Problem:
Using the records that follow, reproduce exactly the lines starting at the line containing "The variable part refers" and ending at the line containing "To increase our". Include both end lines and no pictures.

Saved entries

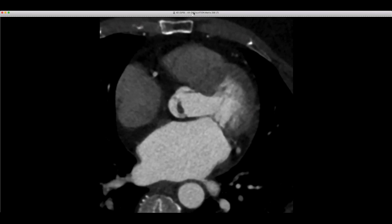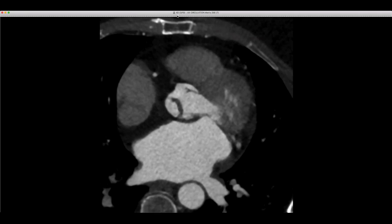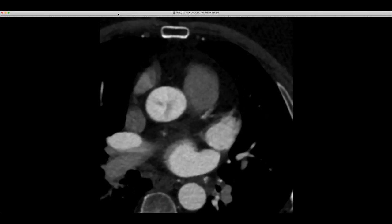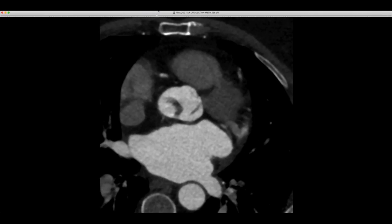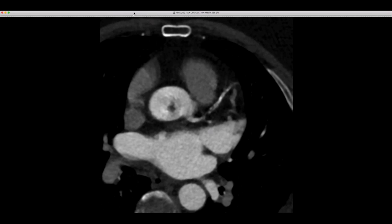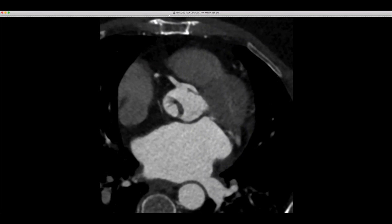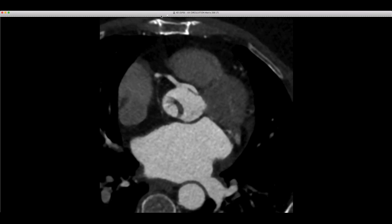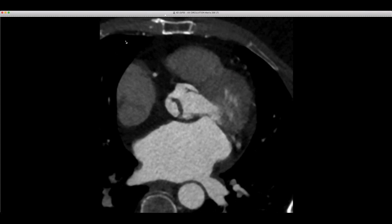One of the aortic valve leaflets closest to the non-coronary sinus is really thickened here. The question was: what was this? Was this going to be a fibroblastoma? I've never seen one so large and linear like this. Was this going to be a thrombus? Was this going to be a vegetation? She wasn't symptomatic — no sepsis, no embolic symptoms, no stroke.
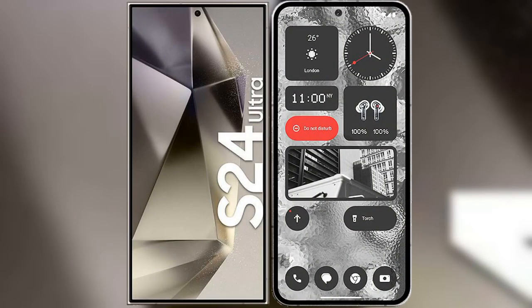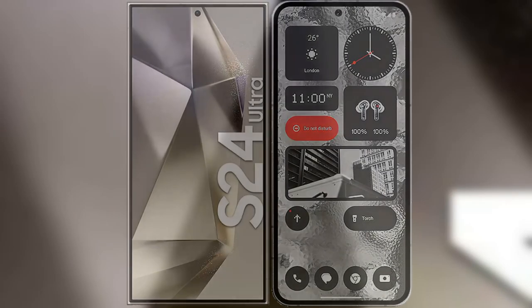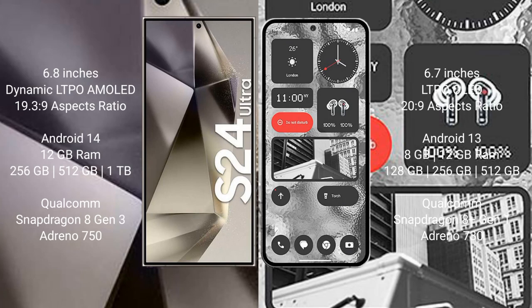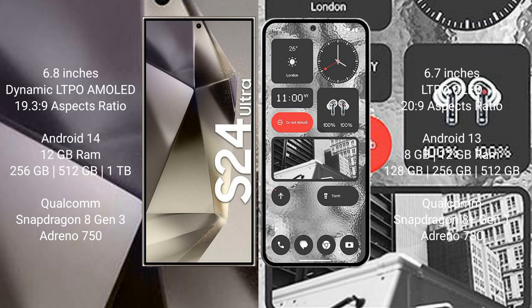I will compare the new Samsung Galaxy S24 Ultra with Nothing Phone 2. Samsung Galaxy S24 Ultra comes with 6.8 inches Dynamic LTPO AMOLED display and aspect ratio 19.3:9. Nothing Phone 2 comes with 6.7 inches LTPO OLED display and aspect ratio 20:9.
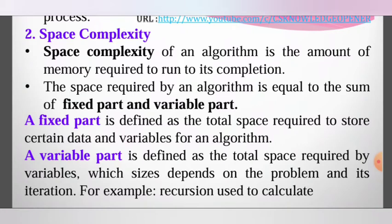The variable part refers to how many times a function is recursively called and how many iterations are used. That is the variable part of space complexity.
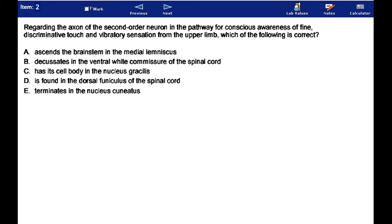In the pathway for conscious awareness of fine, discriminative touch and vibratory sensation from the upper limb, which of the following is correct?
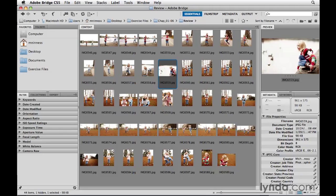Bridge in itself is not a central database, but rather provides a visual view of how you've organized your files on your hard drive.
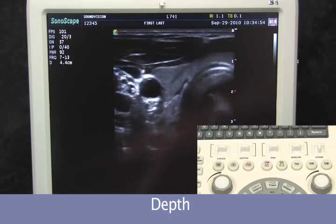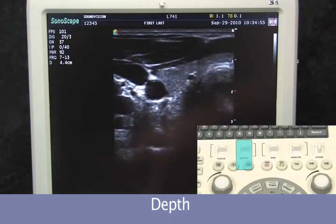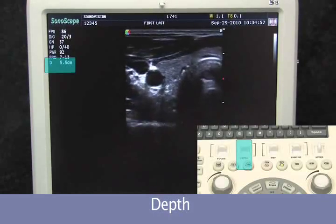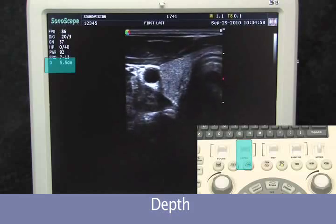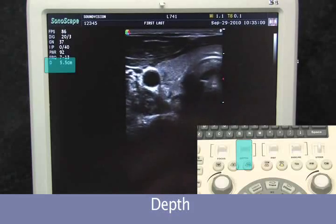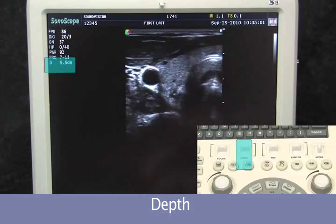To increase our depth, we are going to pull down to go deeper. To decrease, push up to go shallower.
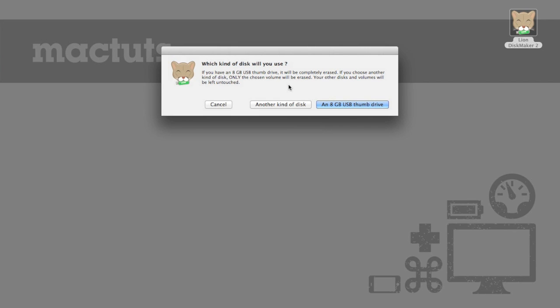Next it's going to ask us how big the drive that we're using is. Now like I said before I've actually got one that's exactly 8 gigabytes but if you've got another kind of disk you can click this button and follow the steps from there. So for me I'm just going to click an 8 gigabyte USB thumb drive.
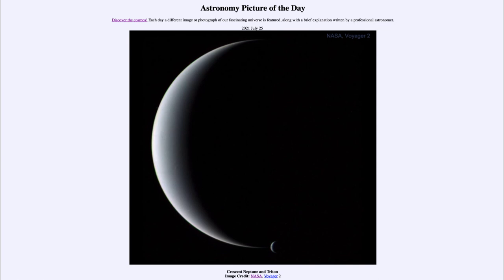This was the first and only time to date that we have actually explored the planet Neptune, and that was the Voyager 2 spacecraft back in 1989. So that was our picture of the day for July the 25th of 2021, titled Crescent Neptune and Triton. We'll be back again tomorrow for the next picture, previewed to be Galaxy Grabber, so we'll see what that's about tomorrow. Until then, have a great day everyone, and I will see you in class.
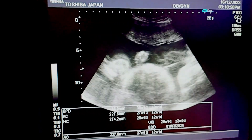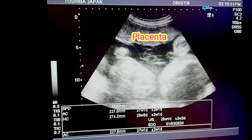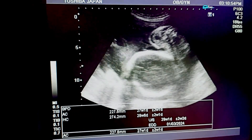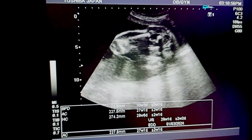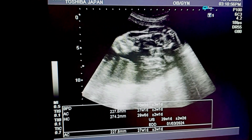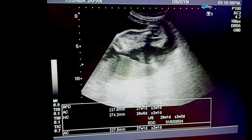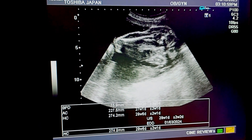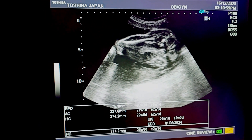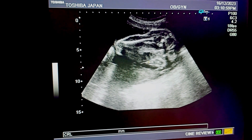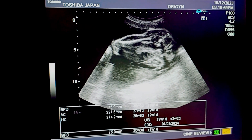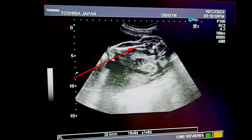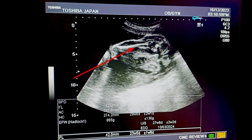You can see the backbone and placenta, which appear normal. This is the femur — we would like to calculate the femur length to find out the fetal weight, fetal age, and expected date of delivery.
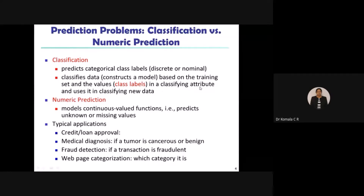Based on the attribute values, we arrive at a class, and names or labels are given to each class based on its attributes and values — that is how classification works. To summarize: first, we predict categorical class labels in discrete or nominal form; second, we construct a model based on the training set — the samples extracted with their attributes and values — and finally assign class labels based on the result.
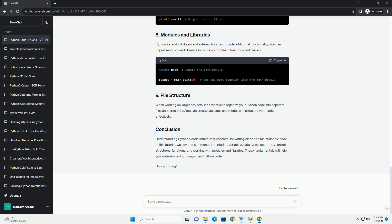Python's standard library and external libraries provide additional functionality. You can import modules and libraries to access predefined functions and classes. When working on larger projects, it's essential to organize your Python code into separate files and directories. You can create packages and modules to structure your code effectively.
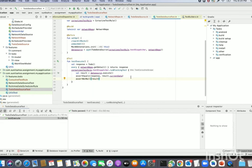Generally we use coroutines and suspend functions for network calls, and this is how we can verify our network responses or data repository. To get the source code, go to my GitHub link as mentioned in the description. Thank you.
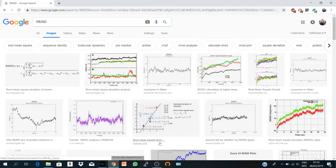Hi everyone, in this video together we will learn how to calculate the RMSD of a trajectory file using VMD.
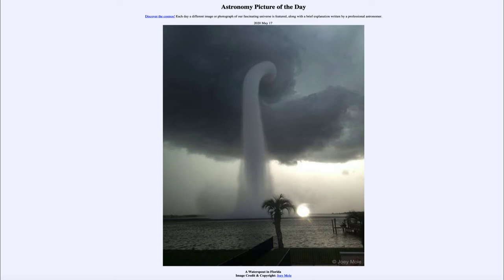Today's picture is titled 'A Water Spout in Florida.' So what do we see here? Well, taken over towards Tampa on the Gulf Coast of Florida, we see a water spout — and in fact a very great picture of a water spout — which, as you may guess from how it looks, is a type of tornado.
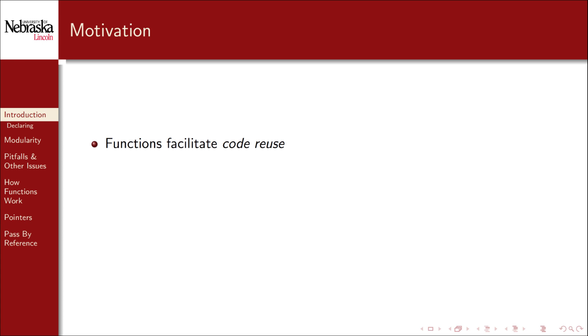So why do we use functions and programs? The first reason is that functions facilitate code reuse. Imagine if every time we wanted to compute the square root of a number we had to cut and paste the code that computed it. As you can imagine that wouldn't work well in practice. It would be error prone and lead to a lot of redundancy. If you do ever find yourself doing this it's a huge red flag that you should be writing and reusing a function.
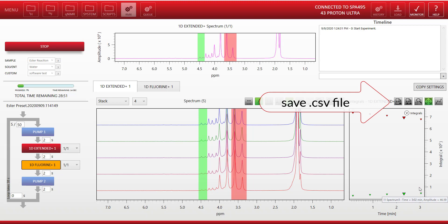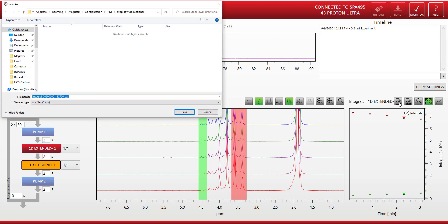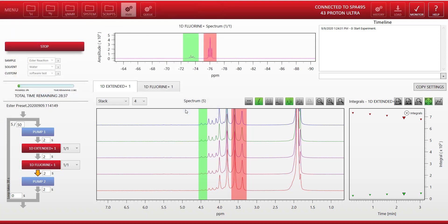At any point we have the option to click this button here to save a CSV file of the different integral values over time. And that file could be opened in Excel if you wanted to analyze the data with a different program as you're running.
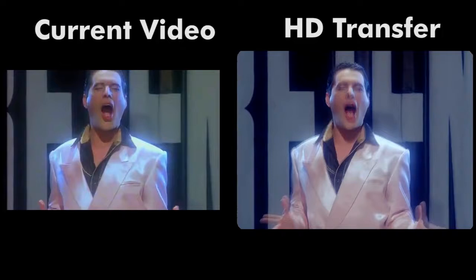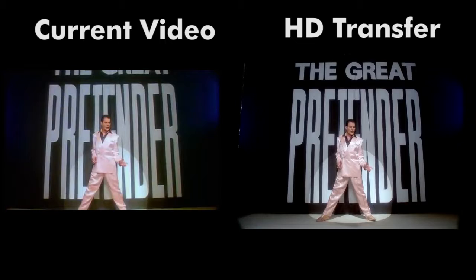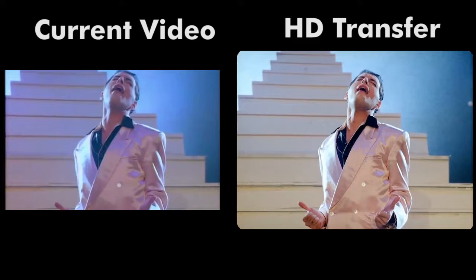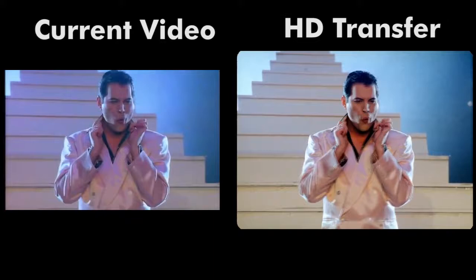Oh, yes, I'm the great pretender. Pretending I'm doing well. My need is such, I pretend too much. I'm lonely,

Task result:
The variable part refers to how many times a function is recursively called and how many iterations are used. That is the variable part of space complexity.
In the pathway for conscious awareness of fine, discriminative touch and vibratory sensation from the upper limb, which of the following is correct?
Bridge in itself is not a central database, but rather provides a visual view of how you've organized your files on your hard drive.
To increase our depth, we are going to pull down to go deeper. To decrease, push up to go shallower.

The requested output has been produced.